Soul of Flame (Imdalind Series #4)(30)



I dug my nails into my palms and fought my tears, keeping my eyes trained on Ilyan.

“Joclyn, my love, that isn’t true,” he whispered, his hand moving forward to rest on my hip, but I pushed him away, not wanting to feel what I wasn’t sure I could have anymore.

“You told him you were saving me for him,” I interrupted him, the deep ripple of my words making my whisper sound like a rumble.

“Tak jsem to nemyslel.,” Ilyan mumbled, his teeth clenched as his animosity grew. I felt his emotion rush into me through the wall I had forged against him, the jolt of pain that stabbed into my stomach almost taking my breath away.
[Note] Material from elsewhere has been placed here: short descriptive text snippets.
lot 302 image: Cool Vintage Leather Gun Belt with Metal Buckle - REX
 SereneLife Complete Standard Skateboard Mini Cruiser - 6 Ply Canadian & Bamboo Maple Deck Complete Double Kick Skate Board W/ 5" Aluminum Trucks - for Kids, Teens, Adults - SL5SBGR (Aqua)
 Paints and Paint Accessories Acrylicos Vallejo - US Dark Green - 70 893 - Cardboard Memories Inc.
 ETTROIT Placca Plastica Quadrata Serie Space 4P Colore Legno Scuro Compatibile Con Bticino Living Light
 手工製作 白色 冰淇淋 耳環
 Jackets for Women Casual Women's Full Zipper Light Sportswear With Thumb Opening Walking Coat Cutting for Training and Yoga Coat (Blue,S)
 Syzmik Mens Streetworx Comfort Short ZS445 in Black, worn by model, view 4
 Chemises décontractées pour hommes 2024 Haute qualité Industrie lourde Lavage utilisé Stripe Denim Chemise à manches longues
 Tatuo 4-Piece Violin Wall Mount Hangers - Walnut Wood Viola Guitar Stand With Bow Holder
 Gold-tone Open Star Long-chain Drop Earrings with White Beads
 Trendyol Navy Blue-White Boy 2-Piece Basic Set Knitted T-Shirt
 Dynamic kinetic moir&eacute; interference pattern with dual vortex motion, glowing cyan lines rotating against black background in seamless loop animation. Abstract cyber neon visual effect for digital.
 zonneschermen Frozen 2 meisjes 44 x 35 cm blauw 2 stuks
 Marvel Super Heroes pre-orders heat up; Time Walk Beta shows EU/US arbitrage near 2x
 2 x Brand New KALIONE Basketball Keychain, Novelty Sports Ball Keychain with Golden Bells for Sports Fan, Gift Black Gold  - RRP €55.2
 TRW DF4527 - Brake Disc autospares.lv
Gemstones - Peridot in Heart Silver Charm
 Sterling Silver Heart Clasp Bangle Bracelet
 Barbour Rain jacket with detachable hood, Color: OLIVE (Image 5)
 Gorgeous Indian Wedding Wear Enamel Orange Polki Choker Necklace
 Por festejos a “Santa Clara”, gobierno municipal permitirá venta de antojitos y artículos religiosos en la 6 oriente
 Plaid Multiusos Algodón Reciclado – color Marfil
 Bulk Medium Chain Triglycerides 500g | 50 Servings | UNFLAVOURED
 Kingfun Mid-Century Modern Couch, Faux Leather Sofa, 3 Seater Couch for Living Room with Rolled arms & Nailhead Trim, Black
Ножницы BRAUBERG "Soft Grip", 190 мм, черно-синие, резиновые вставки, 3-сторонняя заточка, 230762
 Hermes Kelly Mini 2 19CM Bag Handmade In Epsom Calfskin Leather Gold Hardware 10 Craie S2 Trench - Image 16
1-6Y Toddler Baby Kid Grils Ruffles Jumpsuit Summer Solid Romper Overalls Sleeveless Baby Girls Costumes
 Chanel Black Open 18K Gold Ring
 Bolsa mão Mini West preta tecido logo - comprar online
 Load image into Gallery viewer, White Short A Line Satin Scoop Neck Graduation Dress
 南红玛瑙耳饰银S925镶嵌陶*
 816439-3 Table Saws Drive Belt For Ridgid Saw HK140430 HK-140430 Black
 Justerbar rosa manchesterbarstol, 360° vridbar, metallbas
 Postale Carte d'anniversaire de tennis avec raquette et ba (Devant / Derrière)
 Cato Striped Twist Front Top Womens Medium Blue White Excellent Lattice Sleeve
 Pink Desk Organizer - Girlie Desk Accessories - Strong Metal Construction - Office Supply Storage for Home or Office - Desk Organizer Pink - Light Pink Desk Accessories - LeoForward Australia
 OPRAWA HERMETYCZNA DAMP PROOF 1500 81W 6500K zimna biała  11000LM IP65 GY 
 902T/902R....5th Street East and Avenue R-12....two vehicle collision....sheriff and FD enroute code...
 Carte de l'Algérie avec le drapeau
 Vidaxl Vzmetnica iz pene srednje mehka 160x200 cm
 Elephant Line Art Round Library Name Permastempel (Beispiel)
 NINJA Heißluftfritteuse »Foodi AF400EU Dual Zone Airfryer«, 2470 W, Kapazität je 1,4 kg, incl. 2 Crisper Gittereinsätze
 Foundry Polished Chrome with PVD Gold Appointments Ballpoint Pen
I stared at him, waiting for him to translate, but he said nothing; he only stared straight ahead, away from me, as the muscles in his jaw clenched. I had seen that look before, the way he battled over himself, over what to say. Over who to be. Now that battle raged right before me, over what he had said about me.

I stood still as I waited for him to deny it, yet nothing came. His eyes dimmed as he finally met my intense stare, the regret and the unspoken apology as deep as an affirmation to me.

“You did?” I asked, flabbergasted that he had ever said such a thing, while he remained silent. My anger prickled again at the silent acknowledgment. “When?” I asked breathlessly, the words barely tumbling out in my agonized shock.

I couldn’t move. I just waited, staring into the blue depths of his eyes, the color dark and as unforgiving as a shallow pool. I could already see the regret in them—the plea for forgiveness—but I didn’t want to hear it, not anymore.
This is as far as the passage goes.